Models

Regression

For this project, we first attempted to solve the regression form of the problem. We used scikit-learn, a machine learning library written in Python, to accomplish this task. The models we used were:

LinearRegression
BayesianRidgeRegression
RidgeCVRegression
ElasticNetCVRegression
LassoCVRegression
GradientBoostingRegressor
AdaBoostRegressor
ExtraTreesRegressor
RandomForestRegressor
LinearSVR

Many of these model have parameter that can be tuned to improve accuracy. We tuned the alpha parameter of RidgeCV, ElasticNetCV and LassoCV using $\alpha = 2^x$ for $x = -7, \ldots, 4$ . We used 10 estimators for the ensemble methods as we found that using more estimators causes the models to overfit.

Classification

We also utilized scikit-learn for binary classification models.
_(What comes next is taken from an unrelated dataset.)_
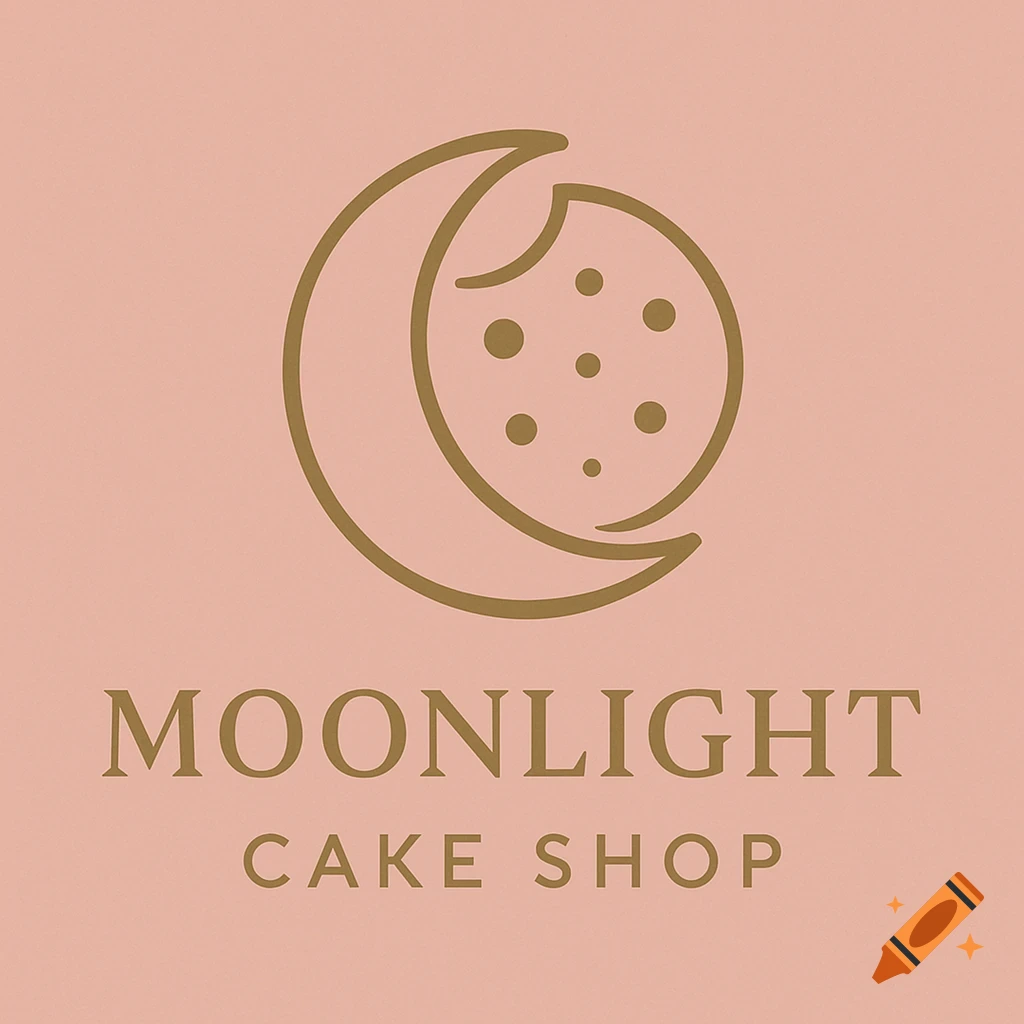 Minimalist gold line art logo of a crescent moon and a cookie on a pale pink background with 'MOONLIGHT CAKE SHOP' text.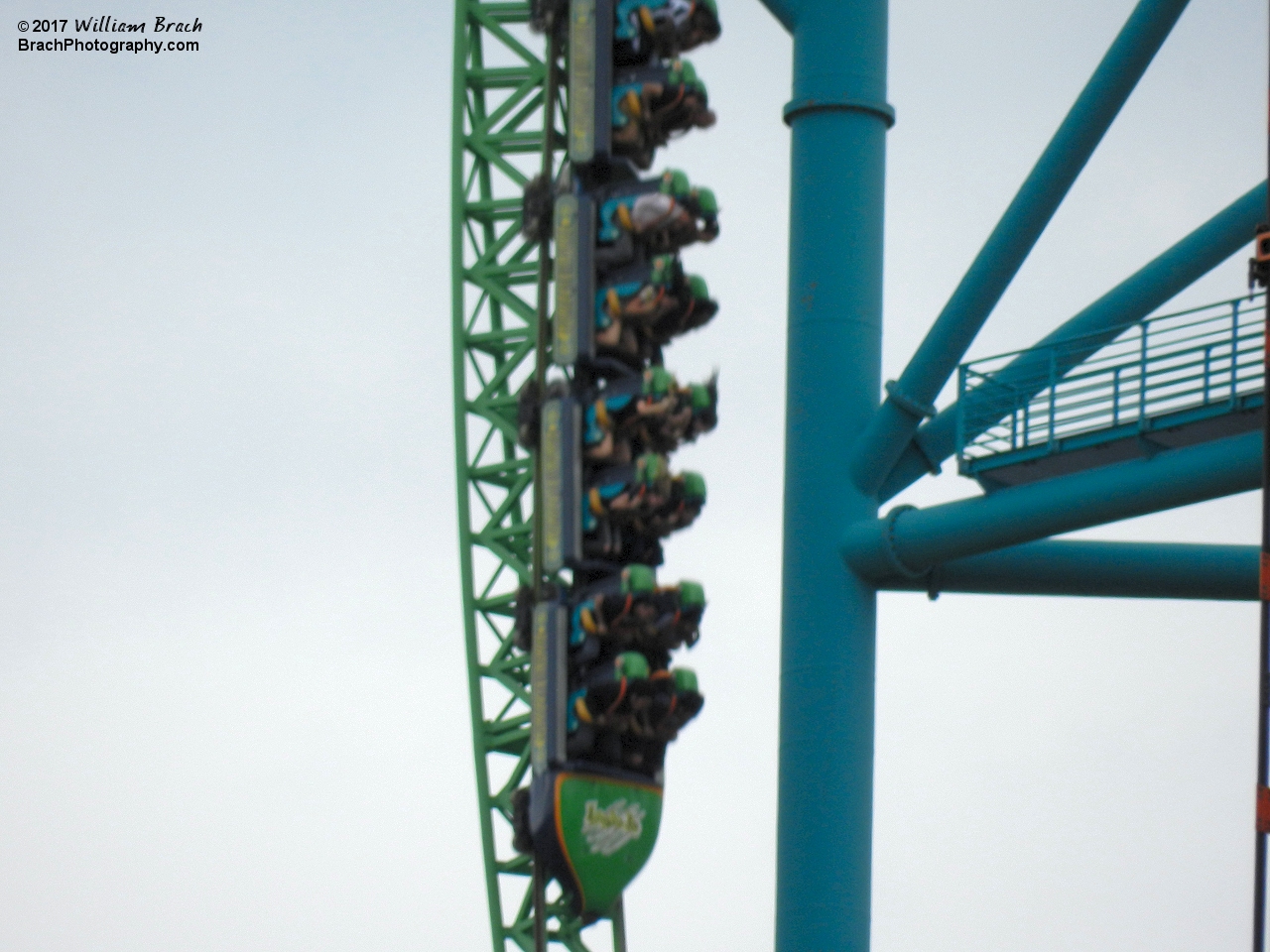 Kingda Ka train going down the top hat.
Labels of +1 indicate the plus/minus per minute is nonnegative, and labels of -1 indicate the plus/minus per minute is negative. We used the following models:

LogisticRegression
LinearDiscriminantAnalysis
GaussianNB
GradientBoostingClassifier
RandomForestClassifier
A Feedforward Neural Network (FNN) in Keras using Dropout regularization

We tuned the following classifiers: LogisticRegression, GradientBoosting and FNN to achieve ~60% accuracy in testing data while not over-fitting the models. For the LogisticRegression classifier, we set the constant, C, that multiplies the L2 regularization term to C = 0.0005. We set the number of estimators in GradientBoosting to 400 and the learning rate to 0.01. We tried multiple other values for these parameters both small and big before we narrowed down on these values.

The Feedforward Neural Network has one hidden layer with 50 neurons, uses sigmoid as the activation function at both the hidden and the output layer. We use dropouts with p = 0.5 at both the input and hidden layer.